Personal information
- Full name: Anthony Eugene Cunningham
- Date of birth: 12 November 1957 (age 68)
- Place of birth: Kingston, Jamaica
- Height: 6 ft 2 in (1.88 m)
- Position: Striker

Senior career*
- Years: Team / Apps / (Gls)
- Kidderminster Harriers / ? / (?)
- 197?–1979: Stourbridge / ? / (?)
- 1979–1982: Lincoln City / 123 / (32)
- 1982–1984: Barnsley / 42 / (11)
- 1984: Sheffield Wednesday / 28 / (5)
- 1984–1985: Manchester City / 18 / (1)
- 1985–1987: Newcastle United / 47 / (4)
- 1987–1989: Blackpool / 71 / (17)
- 1989–1991: Bury / 58 / (17)
- 1991: Bolton Wanderers / 9 / (4)
- 1991–1993: Rotherham United / 69 / (24)
- 1993: Doncaster Rovers / 25 / (1)
- 1993–1994: Wycombe Wanderers / 5 / (0)
- –: Gainsborough Trinity / ? / (?)
- Total:  / 495 / (116)

= Tony Cunningham (footballer) =

Jamaican footballer (born 1957)

Anthony Eugene Cunningham (born 12 November 1957) is a Jamaican former professional footballer.
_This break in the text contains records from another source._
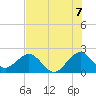 USCG tide chart for Wednesday, July 7, 2021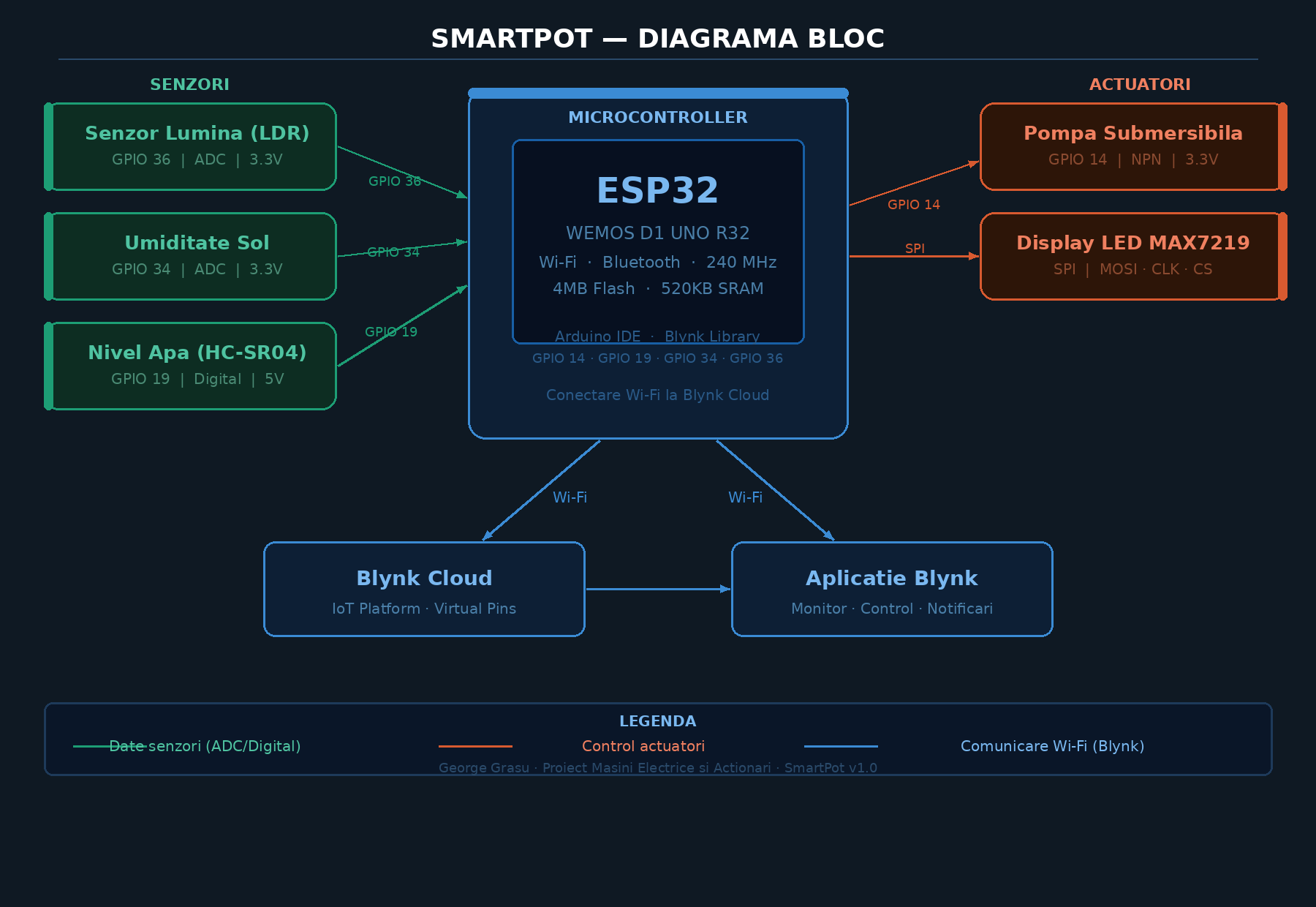 pm:prj2026:theodor_ioan.buliga:smartpot_diagrama_bloc.png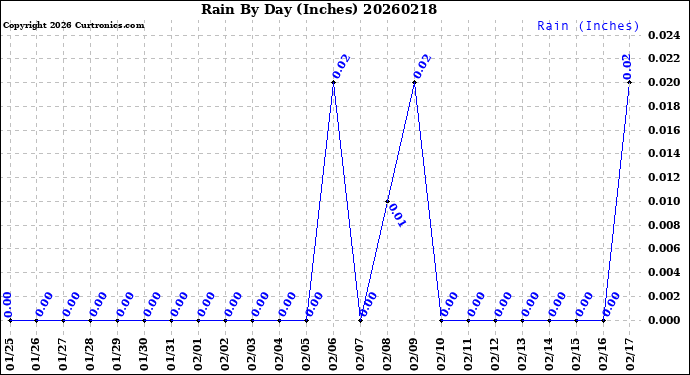 Milwaukee Weather Rain<br>By Day<br>(Inches)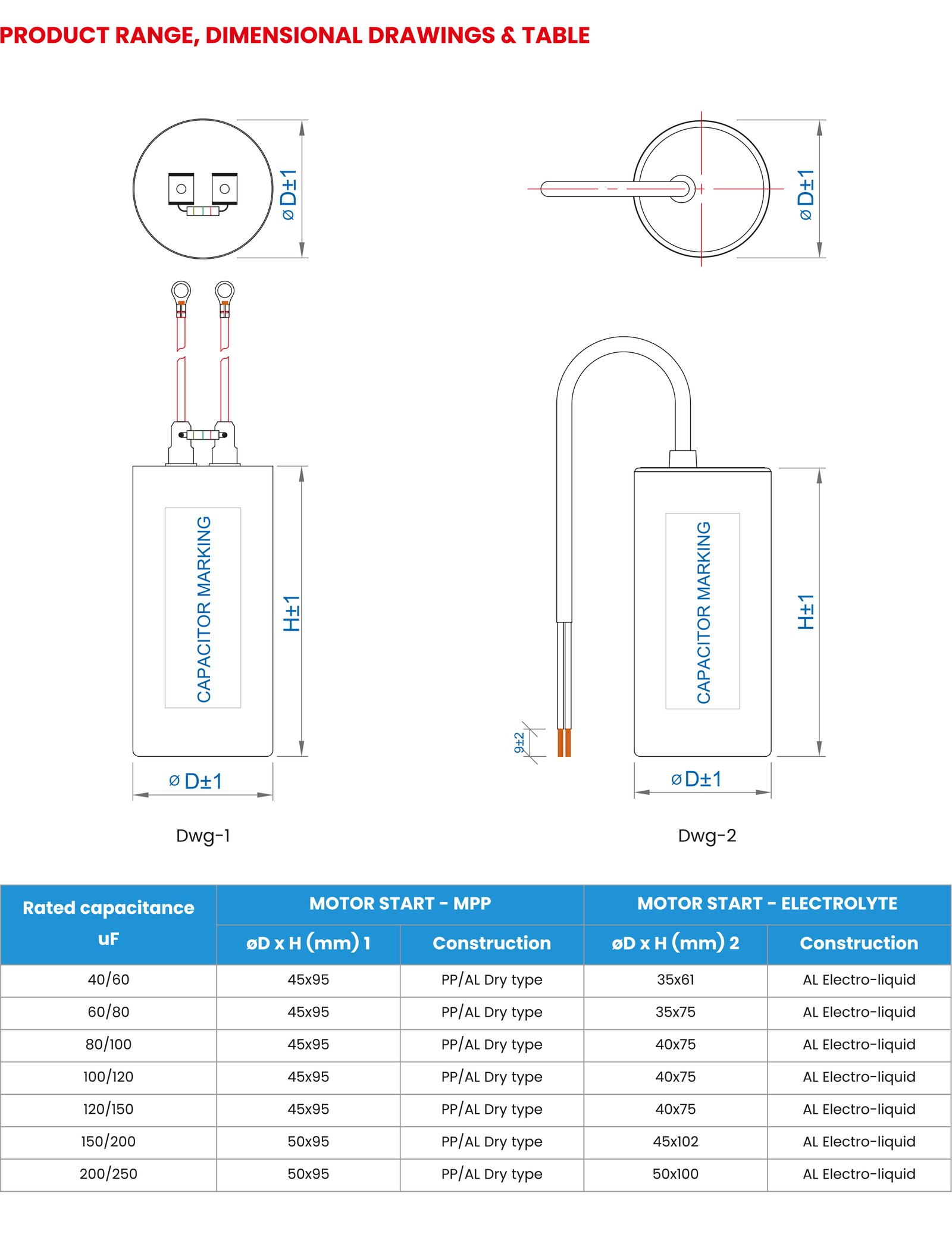 Hermetic Welded Type Dimensional Data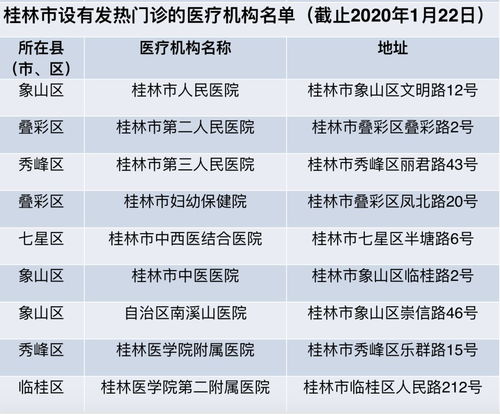 详情发布 桂林确诊11例新冠肺炎 其一人曾与患者进餐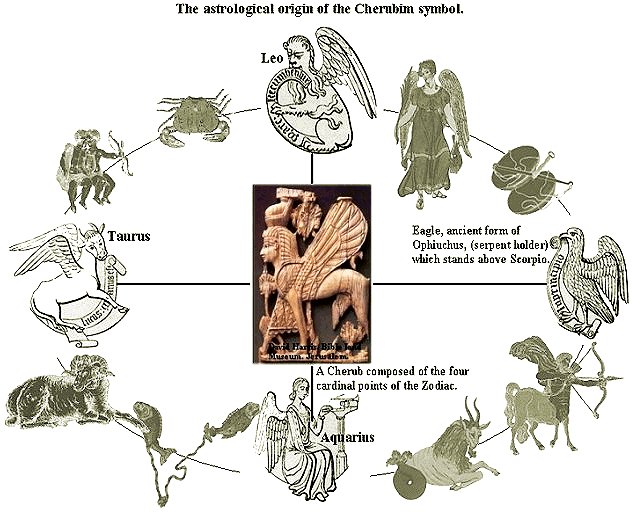 Reclaiming Our Christian Heritage The Zodiac, Cherubim & The Sphinx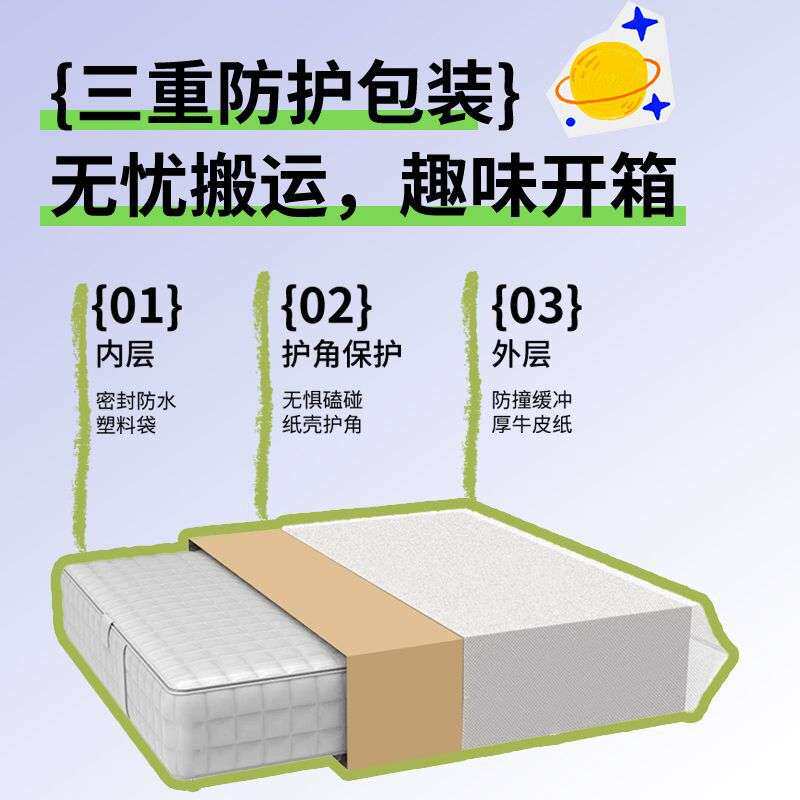 席梦思20cm家用床垫硬垫经济型出租屋酒店民宿1.5米弹簧床垫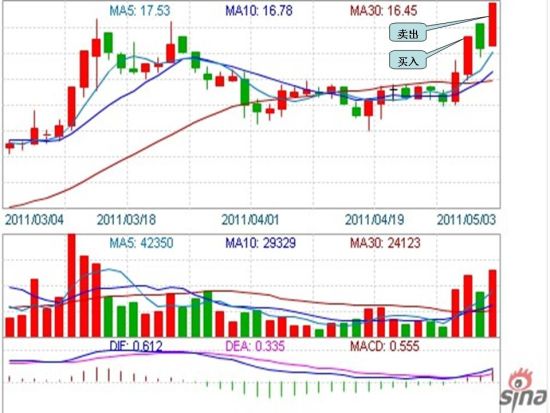 图示：gs9898深国商操作示意图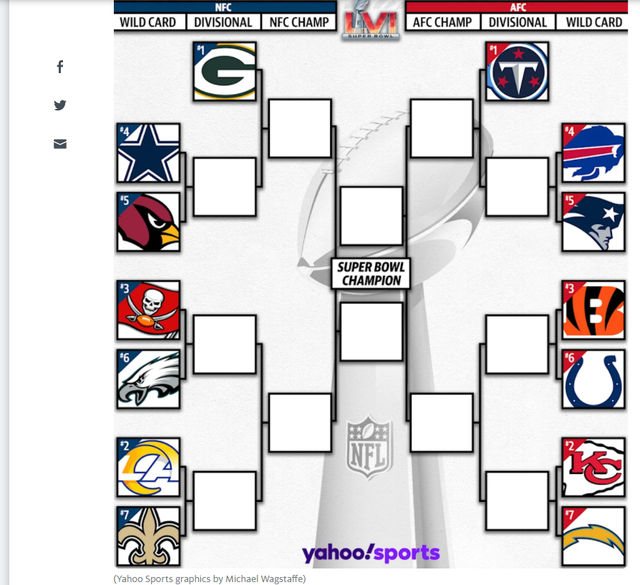 playoff.png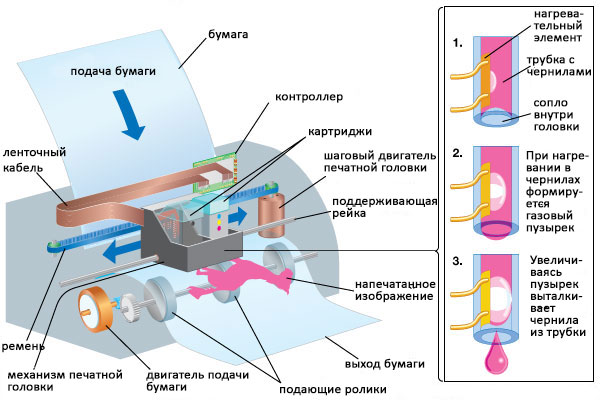 инкјет штампач 1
Cunningham, a striker, began his professional career with Lincoln City in 1979. In three years with the Imps, he made 123 league appearances and scored 32 goals.

Barnsley came in for his services in 1982, and he went on to make 42 appearances for the South Yorkshire club, scoring eleven goals.

After leaving Oakwell, Cunningham remained in the White Rose county, making 28 appearances and scoring five goals for Sheffield Wednesday.

In 1984 Cunningham had a short spell with Manchester City before moving to the North East to join Jack Charlton's Newcastle United. He spent two years on Tyneside, making just short of 50 appearances for the Magpies, scoring four goals. He was commonly known to his friends while at Newcastle as 'Slug'.

Cunningham traded the North East for the North West in July 1987 when he signed for Sam Ellis' Blackpool for a tribunal-set fee of £25,000. He made his debut for the Seasiders in the opening day of the 1987–88 season, a draw at Gillingham.

What started as a promising Blackpool career became a disappointing one. As the team struggled, Cunningham was made a scapegoat, and at the end of the 1988–89, he rejoined Ellis, who had become manager of Bury.

On his return to Bloomfield Road with the Shakers, on 31 October 1989, Cunningham was sent off in the first half. The visitors, however, won the game by a single goal.

After Bury, Cunningham played for Bolton Wanderers, Rotherham United, Doncaster Rovers and Wycombe Wanderers. After almost 500 league games and over one hundred goals, he ended his career with non-league Gainsborough Trinity.

==Post-retirement==
Cunningham now lives and works in Lincoln as a solicitor.